In Dagestan ist die Situation mehr als angespannt. Überall in den Straßen ist Polizei. Hunderte junge Männer sollen im Untergrund sein. Islamistische Banden, die brutale Anschläge verüben. Vor allem auf die verhasste Polizei. Doch auch andere Kriminelle bedienen sich der Terroristen. Anfang des Monats starben in der Hauptstadt Machatschkala zwei Kinder vor diesem Geschäft. Der Sprengsatz lag vor der Ladentür, in einer bunten Schachtel. "Unsere Familie hat Feinde", erzählt die alte Ladenbesitzerin. "Und die heuern die Terroristen an. Aufgeklärt wird nie etwas. Das war schon die zweite Bombe. Wir haben Angst, Tag und Nacht. Lieber stehe ich im Laden und komme um als meine Söhne. Sie töten und bomben, und keiner kann etwas dagegen tun. Wir haben solche Angst."

Religion als Ausweg

Mohammed Magomedow, „Union der Gerechten“
Mohammed Magomedow, von der "Union der Gerechten", im Interview. | Bild: NDR

Dagestan ist eine der ärmsten Regionen Russlands und traditonell muslimisch. Die meisten hier sind gemäßigte, moderne Moslems. Doch seit ein paar Jahren sind selbst in der Hauptstadt Machatschkala streng verhüllte Frauen zu sehen. Immer mehr bekennen sich zum konservativen Salafismus.

In einer Atmosphäre von Gewalt und Gegengewalt, von Armut und Korruption ist Religion für viele ein Ausweg. Hier in Machatschkala hat auch Tamerlan Tsarnajew, einer der Brüder aus Boston, letztes Jahr entscheidende Monate verbracht. Er wohnte im Zentrum der Stadt, er betete in einer Moschee der Salafiten. Drei junge Männer aus seiner Gemeinde sind bereit, uns zu treffen. Und zu erklären, was den strengen Islam für die Jugend so anziehend mache. "Die Lasterhaftigkeit der Gesellschaft sehen wir nicht nur in Dagestan, sondern überall in Russland. Korruption, Verderbtheit und als junger Mensch hast keine Chance auf Karriere ohne Beziehungen nach oben. Du suchst nach Alternativen. Hier in Dagestan haben wir als Alternative den Islam. Der füllt das geistige Vakuum", sagt  Mohammed Magomedow von der "Union der Gerechten".

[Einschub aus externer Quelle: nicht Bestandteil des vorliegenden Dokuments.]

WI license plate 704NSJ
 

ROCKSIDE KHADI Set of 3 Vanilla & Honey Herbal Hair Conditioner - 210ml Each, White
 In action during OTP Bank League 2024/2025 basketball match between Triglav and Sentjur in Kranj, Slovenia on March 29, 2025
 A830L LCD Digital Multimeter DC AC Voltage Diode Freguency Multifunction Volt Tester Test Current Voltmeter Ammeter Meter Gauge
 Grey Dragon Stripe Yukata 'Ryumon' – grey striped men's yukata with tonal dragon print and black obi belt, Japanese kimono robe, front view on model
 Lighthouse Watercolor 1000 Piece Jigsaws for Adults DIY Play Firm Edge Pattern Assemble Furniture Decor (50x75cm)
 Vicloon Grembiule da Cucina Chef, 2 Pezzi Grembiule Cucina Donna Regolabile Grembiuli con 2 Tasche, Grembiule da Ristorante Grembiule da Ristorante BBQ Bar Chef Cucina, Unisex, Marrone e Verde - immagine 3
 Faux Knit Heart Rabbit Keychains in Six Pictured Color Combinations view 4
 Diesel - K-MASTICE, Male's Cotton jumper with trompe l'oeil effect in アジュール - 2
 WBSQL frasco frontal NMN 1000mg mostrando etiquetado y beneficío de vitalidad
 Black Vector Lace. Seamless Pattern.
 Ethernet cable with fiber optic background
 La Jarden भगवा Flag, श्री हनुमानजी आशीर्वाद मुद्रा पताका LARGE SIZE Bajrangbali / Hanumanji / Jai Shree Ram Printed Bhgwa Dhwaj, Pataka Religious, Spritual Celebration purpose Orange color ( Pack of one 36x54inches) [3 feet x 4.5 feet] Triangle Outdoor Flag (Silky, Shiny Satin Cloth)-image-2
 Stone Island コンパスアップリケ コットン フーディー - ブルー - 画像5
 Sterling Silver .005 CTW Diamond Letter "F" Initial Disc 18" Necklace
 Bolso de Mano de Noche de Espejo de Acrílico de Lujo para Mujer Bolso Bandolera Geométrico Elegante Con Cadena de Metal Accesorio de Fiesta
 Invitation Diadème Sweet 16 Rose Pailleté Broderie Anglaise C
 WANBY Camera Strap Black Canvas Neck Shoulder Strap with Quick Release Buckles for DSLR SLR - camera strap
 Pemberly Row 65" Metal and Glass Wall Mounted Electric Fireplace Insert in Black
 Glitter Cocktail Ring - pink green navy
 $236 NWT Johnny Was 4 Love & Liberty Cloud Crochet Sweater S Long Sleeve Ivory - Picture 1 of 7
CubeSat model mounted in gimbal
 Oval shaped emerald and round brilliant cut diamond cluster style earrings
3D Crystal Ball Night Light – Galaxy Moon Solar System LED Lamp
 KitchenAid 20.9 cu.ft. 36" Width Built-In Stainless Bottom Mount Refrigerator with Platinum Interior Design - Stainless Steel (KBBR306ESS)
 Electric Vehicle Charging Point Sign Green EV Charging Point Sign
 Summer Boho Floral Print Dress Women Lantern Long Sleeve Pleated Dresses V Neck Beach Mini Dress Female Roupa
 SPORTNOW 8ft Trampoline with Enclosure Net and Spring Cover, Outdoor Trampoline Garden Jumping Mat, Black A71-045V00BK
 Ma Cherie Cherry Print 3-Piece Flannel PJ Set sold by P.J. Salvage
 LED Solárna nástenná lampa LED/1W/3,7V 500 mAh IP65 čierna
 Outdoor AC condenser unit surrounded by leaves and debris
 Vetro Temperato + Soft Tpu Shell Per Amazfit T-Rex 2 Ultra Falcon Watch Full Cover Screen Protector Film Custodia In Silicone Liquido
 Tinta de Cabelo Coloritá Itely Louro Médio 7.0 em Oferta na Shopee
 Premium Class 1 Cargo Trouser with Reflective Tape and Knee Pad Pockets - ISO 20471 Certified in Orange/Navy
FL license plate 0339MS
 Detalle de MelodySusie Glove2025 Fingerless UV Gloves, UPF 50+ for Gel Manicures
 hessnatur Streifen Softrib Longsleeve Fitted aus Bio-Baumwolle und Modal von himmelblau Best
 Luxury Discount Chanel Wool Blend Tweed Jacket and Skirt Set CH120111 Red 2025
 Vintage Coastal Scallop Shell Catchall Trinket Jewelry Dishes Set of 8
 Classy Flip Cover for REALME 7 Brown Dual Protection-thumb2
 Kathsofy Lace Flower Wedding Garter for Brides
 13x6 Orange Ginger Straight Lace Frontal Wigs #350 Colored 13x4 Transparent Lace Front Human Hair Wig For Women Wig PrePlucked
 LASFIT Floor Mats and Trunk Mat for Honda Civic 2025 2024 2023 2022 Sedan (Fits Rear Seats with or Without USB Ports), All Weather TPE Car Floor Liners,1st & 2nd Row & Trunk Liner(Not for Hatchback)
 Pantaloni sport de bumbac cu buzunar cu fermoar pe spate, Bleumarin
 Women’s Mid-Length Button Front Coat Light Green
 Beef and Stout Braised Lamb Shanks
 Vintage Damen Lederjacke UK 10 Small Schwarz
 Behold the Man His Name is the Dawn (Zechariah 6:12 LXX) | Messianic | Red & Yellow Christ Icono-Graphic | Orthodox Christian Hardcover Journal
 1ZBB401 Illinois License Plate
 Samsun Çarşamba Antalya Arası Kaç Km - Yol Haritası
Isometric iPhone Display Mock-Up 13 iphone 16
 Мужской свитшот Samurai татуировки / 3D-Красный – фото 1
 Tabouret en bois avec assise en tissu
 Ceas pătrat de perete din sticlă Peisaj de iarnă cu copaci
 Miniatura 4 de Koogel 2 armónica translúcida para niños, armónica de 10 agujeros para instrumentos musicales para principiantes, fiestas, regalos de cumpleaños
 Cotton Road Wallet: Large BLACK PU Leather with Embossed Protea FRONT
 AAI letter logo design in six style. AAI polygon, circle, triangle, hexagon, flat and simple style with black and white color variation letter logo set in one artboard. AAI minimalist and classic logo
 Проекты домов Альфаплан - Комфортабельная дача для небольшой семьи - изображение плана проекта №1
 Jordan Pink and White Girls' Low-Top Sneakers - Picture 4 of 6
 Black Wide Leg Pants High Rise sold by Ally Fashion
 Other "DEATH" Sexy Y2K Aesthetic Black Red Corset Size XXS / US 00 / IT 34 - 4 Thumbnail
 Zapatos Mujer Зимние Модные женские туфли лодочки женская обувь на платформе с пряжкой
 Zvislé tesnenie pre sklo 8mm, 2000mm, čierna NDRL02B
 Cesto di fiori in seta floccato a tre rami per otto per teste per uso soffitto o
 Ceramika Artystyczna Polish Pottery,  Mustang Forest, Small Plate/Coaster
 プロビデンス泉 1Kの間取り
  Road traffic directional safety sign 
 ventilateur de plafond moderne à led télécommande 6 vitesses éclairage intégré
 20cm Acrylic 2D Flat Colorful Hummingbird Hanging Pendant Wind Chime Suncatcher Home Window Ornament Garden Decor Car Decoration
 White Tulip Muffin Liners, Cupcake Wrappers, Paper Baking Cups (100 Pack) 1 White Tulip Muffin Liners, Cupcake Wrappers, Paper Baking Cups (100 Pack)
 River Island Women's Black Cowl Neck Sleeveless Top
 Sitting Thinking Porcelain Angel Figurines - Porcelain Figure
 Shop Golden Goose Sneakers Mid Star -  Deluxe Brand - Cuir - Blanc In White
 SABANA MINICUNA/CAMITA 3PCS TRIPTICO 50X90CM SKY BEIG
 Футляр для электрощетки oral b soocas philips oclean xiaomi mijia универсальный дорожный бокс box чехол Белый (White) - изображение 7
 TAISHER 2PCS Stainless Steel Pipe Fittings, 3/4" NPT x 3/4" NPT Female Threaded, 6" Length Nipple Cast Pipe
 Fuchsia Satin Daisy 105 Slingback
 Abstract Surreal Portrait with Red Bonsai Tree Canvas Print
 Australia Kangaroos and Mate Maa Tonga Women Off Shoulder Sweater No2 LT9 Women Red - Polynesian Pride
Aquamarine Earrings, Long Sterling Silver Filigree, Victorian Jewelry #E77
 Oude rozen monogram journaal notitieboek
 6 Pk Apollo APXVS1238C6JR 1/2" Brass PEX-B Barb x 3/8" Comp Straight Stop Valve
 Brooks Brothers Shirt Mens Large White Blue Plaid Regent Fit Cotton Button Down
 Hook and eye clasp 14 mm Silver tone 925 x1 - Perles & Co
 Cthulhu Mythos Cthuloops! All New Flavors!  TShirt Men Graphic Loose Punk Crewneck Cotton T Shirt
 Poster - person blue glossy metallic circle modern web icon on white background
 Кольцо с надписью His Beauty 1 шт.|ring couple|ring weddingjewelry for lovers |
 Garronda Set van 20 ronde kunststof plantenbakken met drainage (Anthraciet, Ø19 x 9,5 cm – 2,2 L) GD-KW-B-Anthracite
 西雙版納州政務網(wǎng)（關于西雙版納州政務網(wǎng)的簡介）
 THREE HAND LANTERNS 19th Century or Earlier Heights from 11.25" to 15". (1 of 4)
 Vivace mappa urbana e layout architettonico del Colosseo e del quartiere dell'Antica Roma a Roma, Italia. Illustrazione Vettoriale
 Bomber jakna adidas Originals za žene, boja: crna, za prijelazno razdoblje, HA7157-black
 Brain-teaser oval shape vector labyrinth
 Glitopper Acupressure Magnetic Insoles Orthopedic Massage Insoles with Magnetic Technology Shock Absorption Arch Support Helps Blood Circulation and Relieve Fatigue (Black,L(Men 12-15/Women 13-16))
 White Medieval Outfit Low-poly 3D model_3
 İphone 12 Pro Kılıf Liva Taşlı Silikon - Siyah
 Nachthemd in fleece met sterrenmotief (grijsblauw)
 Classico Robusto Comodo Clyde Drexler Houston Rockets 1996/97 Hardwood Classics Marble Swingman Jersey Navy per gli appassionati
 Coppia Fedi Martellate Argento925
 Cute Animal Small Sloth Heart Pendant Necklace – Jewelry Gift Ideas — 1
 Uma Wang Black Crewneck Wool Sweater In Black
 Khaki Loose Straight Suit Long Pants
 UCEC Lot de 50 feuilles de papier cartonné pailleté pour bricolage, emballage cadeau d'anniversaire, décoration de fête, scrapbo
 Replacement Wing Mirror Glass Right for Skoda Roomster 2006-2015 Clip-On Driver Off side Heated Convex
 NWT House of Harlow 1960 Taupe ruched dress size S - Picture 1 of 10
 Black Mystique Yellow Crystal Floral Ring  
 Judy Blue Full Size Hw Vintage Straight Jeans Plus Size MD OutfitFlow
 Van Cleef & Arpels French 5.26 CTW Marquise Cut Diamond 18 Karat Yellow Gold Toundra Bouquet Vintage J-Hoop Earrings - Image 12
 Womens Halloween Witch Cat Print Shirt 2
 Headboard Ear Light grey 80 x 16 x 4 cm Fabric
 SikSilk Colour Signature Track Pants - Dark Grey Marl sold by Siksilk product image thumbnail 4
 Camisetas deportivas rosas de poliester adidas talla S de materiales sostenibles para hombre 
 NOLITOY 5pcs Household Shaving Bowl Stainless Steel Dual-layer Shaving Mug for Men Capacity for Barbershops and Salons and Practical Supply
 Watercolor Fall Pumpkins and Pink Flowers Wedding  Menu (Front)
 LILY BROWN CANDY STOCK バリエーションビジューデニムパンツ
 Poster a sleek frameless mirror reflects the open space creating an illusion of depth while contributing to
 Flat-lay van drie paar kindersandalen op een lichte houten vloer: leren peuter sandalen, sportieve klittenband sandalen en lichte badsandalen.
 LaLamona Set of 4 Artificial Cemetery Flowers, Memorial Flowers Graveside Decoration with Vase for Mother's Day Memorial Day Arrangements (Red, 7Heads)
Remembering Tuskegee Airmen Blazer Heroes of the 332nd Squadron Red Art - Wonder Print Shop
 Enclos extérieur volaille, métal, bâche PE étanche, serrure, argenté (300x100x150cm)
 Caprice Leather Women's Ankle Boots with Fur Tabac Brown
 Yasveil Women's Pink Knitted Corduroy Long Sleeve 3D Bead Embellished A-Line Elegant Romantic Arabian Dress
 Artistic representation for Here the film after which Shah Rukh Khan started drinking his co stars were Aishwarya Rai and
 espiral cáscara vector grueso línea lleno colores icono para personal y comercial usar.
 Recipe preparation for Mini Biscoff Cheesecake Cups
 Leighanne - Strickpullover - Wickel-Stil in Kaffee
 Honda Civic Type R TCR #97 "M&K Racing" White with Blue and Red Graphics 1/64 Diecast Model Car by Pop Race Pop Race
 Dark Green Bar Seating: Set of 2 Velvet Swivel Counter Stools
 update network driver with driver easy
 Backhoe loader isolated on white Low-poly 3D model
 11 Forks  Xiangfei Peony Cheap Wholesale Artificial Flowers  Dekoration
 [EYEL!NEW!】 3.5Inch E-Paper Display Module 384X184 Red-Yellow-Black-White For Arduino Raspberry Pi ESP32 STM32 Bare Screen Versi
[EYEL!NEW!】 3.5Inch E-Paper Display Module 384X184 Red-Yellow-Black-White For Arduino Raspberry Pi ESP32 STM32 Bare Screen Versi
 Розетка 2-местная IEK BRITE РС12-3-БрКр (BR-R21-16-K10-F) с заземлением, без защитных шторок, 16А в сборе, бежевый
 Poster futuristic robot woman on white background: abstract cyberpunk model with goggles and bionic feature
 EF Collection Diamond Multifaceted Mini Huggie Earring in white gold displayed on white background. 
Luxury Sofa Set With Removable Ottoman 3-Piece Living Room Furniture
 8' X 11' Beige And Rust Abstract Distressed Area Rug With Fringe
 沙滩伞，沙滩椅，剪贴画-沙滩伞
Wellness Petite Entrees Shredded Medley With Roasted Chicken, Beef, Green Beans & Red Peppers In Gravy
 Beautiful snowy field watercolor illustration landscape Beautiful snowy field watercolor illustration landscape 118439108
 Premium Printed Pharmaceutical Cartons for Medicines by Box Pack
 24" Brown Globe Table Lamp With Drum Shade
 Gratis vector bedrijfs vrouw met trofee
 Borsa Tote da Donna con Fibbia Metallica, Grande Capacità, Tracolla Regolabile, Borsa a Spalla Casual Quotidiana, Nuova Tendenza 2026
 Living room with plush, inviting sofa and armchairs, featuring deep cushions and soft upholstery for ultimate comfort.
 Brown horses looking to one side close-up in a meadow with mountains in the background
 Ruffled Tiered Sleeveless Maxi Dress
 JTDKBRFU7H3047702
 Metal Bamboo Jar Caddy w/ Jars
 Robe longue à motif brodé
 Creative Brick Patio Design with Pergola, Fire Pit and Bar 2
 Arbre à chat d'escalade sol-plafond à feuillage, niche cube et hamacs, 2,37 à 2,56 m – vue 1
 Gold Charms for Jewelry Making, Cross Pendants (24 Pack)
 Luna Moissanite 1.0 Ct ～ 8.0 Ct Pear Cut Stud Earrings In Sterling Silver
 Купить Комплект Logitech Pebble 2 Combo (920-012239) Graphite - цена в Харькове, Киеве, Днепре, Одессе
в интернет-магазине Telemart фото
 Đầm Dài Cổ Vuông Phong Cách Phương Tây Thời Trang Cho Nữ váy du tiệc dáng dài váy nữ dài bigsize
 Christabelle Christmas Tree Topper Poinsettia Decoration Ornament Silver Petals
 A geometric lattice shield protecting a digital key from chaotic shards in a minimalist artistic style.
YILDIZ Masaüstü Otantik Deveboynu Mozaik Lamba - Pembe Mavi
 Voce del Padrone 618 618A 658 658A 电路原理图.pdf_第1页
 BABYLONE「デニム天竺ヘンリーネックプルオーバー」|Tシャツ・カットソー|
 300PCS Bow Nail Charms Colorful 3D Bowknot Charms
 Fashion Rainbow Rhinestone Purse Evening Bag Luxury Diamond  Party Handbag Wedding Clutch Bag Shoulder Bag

Fundamentalismus und Verschwörungstheorien

Die drei gehören einer streng religiösen Gruppe an. Gewalt lehnen sie entschieden ab. Dennoch sind sie im Visier der Polizei. Jeder mit Vollbart gilt hier als gefährlich, sagt einer. Zu den Treffen ihrer Gruppe kam auch Tamerlan Tsarnajew. Doch über ihn wollen sie nicht reden. Auch nicht über islamischen Terrorismus.

Dagestan ist ein Boden, auf dem Fundamentalismus und Verschwörungstheorien gedeihen - ebenso wie Terrorismus. Ein Rezept dagegen hat Russland nicht - außer Gewalt. Aber die erzeugt nur neue Gewalt.